Pada sore hari tanggal 15 Januari, demonstrasi yang awalnya damai berubah menjadi kerusuhan. Aksi itu sebenarnya merupakan lanjutan dari aksi demonstrasi yang dimulai pada 14 Januari di Bandara Halim Perdanakusuma.
Namun mahasiswa tidak dapat menerobos masuk karena penjagaan ketat oleh aparat keamanan. Pada hari berikutnya, demonstrasi berlangsung di berbagai lokasi di Jakarta, termasuk Istana Negara dan Kedutaan Besar Jepang.
Tuntutan utama para demonstran meliputi pembubaran lembaga Asisten Pribadi Presiden (Aspri), pengurangan harga kebutuhan pokok, dan pemberantasan korupsi (Kompas.id, 2019).

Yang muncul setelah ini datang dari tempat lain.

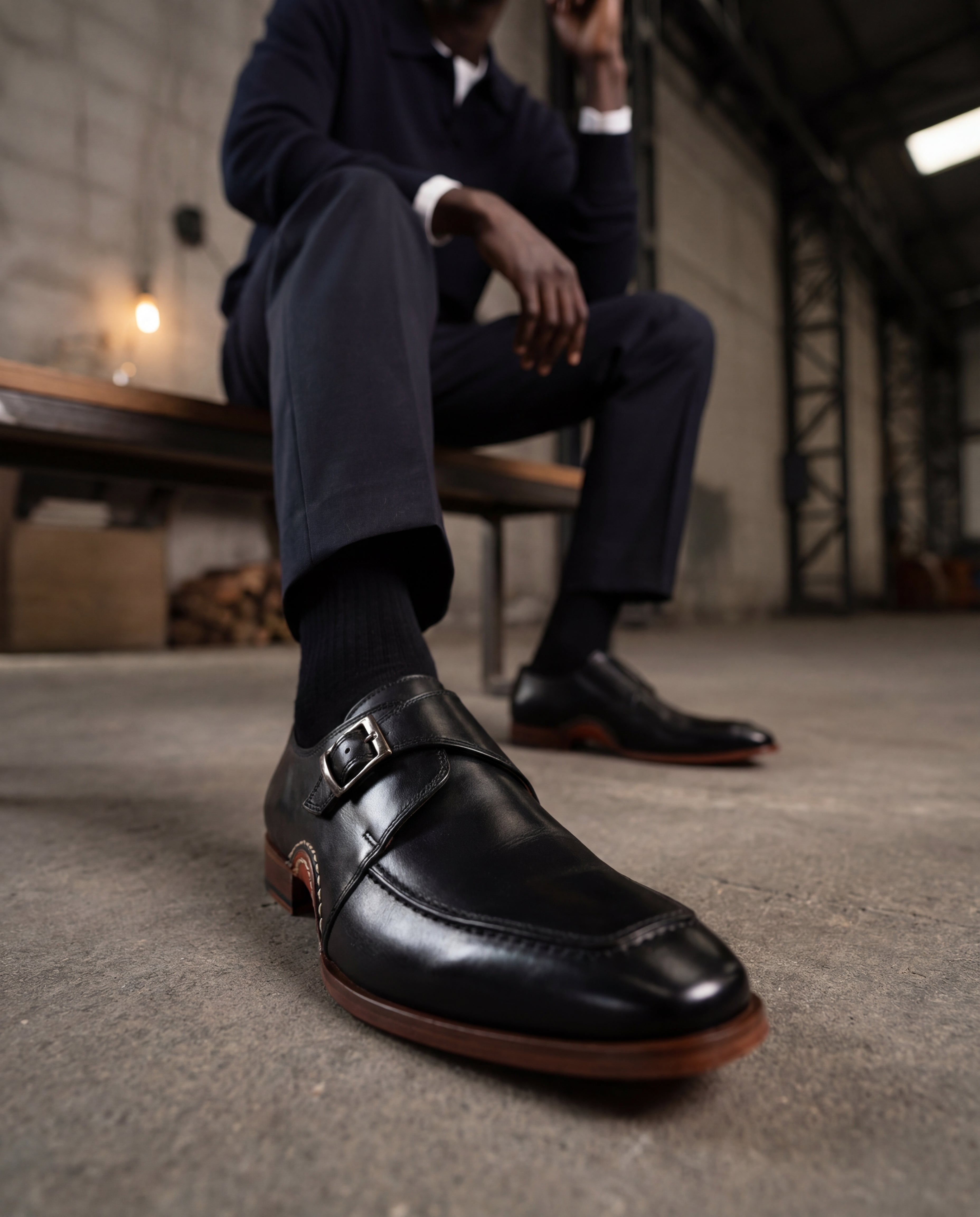 The Hagrid Black Single Monk Strap Handmade Shoe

Provokasi oleh pihak-pihak tertentu diduga memperburuk situasi, menyebabkan pengrusakan dan pembakaran kendaraan serta bangunan. Dalam kerusuhan ini, sebelas orang tewas, ratusan lainnya terluka, dan ribuan ditangkap.
Kerusuhan meluas ke pusat perbelanjaan di Jakarta dan berakhir dengan banyaknya kerugian material serta dampak sosial yang signifikan.
Awal Mula
Peristiwa Malari, singkatan dari "Malapetaka Lima Belas Januari," terjadi pada tanggal 15 Januari 1974 dan merupakan salah satu momen penting dalam sejarah Indonesia, terutama di era Orde Baru.
Peristiwa ini berawal dari kedatangan Perdana Menteri Jepang, Tanaka Kakuei, ke Indonesia, yang memicu demonstrasi besar-besaran oleh mahasiswa dan aktivis.
Mereka mengekspresikan ketidakpuasan terhadap kebijakan pemerintah yang dianggap pro-investor asing, terutama Jepang, serta menuntut perbaikan dalam hal korupsi dan harga barang yang terus meningkat.
Setelah peristiwa ini, Presiden Soeharto mengambil langkah-langkah tegas dengan mencopot beberapa pejabat tinggi militer dan intelijen yang dianggap bertanggung jawab atas kerusuhan.